I was struck this past week by the fact that it's apparently ok now to use the word "Taliban" to describe some of the ultra right wing Christian fundamentalists. Even The New Yorker went there:


Such headlines were considered way beyond the pale back when Markos Moulitzas wrote his book called "American Taliban" and the liberal cognoscenti all called for the smelling salts.
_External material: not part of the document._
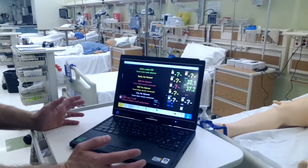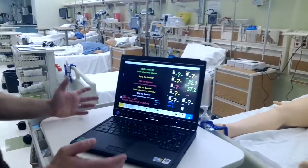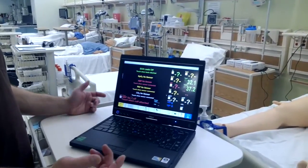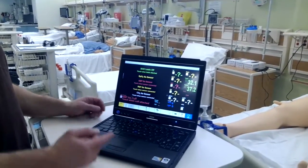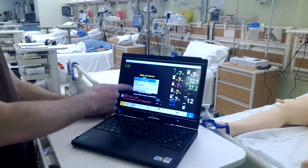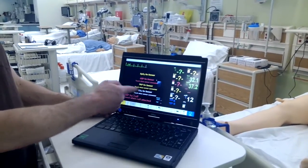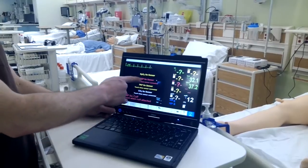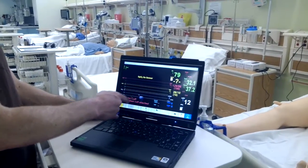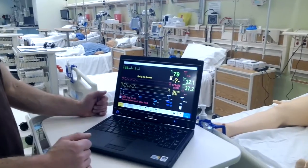Here we have our monitor. This is our default monitor setup. It is touchscreen. SP02 — we're going to talk about O2 SATs in another video. And then we can start all our waveforms.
And that was nothing to the full blown hissy fit the political establishment had over Alan Grayson's ad referring to his opponent Daniel Webster as "Taliban Dan."

I wrote a lot about all this in the past, but I think this is pertinent today since as David Corn reports, the owners of the Hobby Lobby corporation are also followers of the same corrupt fundamentalist preacher as Webster -- a man by the name of Bill Gothard.
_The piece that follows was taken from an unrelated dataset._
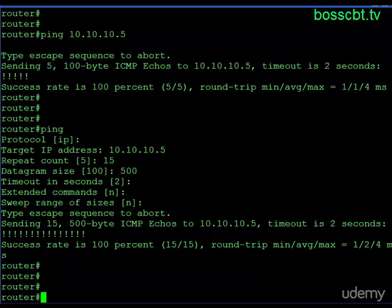And so that's the PING utility. Jump onto your router, switches, or PCs and play around with it. Thanks for watching.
Anyway, here's a piece from 2011 about the problem of failing to properly acknowledge the influence of these extremists in our midst:

Thursday, February 10, 2011


The "T" word

by digby

Here's a headline for you:
Alan Grayson Vindicated in 'Taliban Dan' Claim -- By Religious Right Leaders and Former Activists
That's from Adele Stan's article in Alternet about Sarah Posner's blockbuster piece this week in Religion Dispatches about Bill Gothard -- Daniel Webster's mentor and spiritual leader. Stan explains:
No less a source than FactCheck.org condemned Grayson for the ad, saying that Webster's words, made during remarks to one of Gothard's organizations, were taken out of context. Grayson's ad featured a clip of Webster saying, "Wives submit to your husbands." While the admakers unwisely edited the video of Webster's speech to suggest that was his own instruction (in reality, he was telling husbands that, when reading the Bible with their wives, to skip over those parts), a new report at Religion Dispatches by Sarah Posner makes clear that wifely submission -- even in the face of abuse -- is precisely the teaching given to Gothard's followers, who include Webster.
At the time Grayson ran the ad, people all over the political spectrum were in a tizzy about using the word "Taliban" because it was outrageous to even suggest that Americans could be as primitive as those Islamic fundamentalists who still stone women for adultery. There was plenty of scholarship showing Webster's mentor Bill Gothard's affiliation with groups that had once called for capital punishment for gays and adulterers, and there was a ton of evidence that he personally belonged to a patriarchal cult that sits at the very fringe of American religious life.

But that was that. Grayson didn't lose because of the ad, of course. He was in a Republican district in a Republican wave year and the shadowy conservative groups unleashed millions of dollars worth of ads against him. In his neighboring district, Suzanne Kosmas, a very polite, conservative Democrat who voted against virtually every Democratic initiative lost by a similar margin, so Grayson's allegedly improper behavior was not the determining factor in his loss. But it is now a matter of political urban legend that this ad cost him his seat and it's really too bad because it means that fundamentalists like Webster can never be called out on their religious views even when those religious views are totally out of the mainstream.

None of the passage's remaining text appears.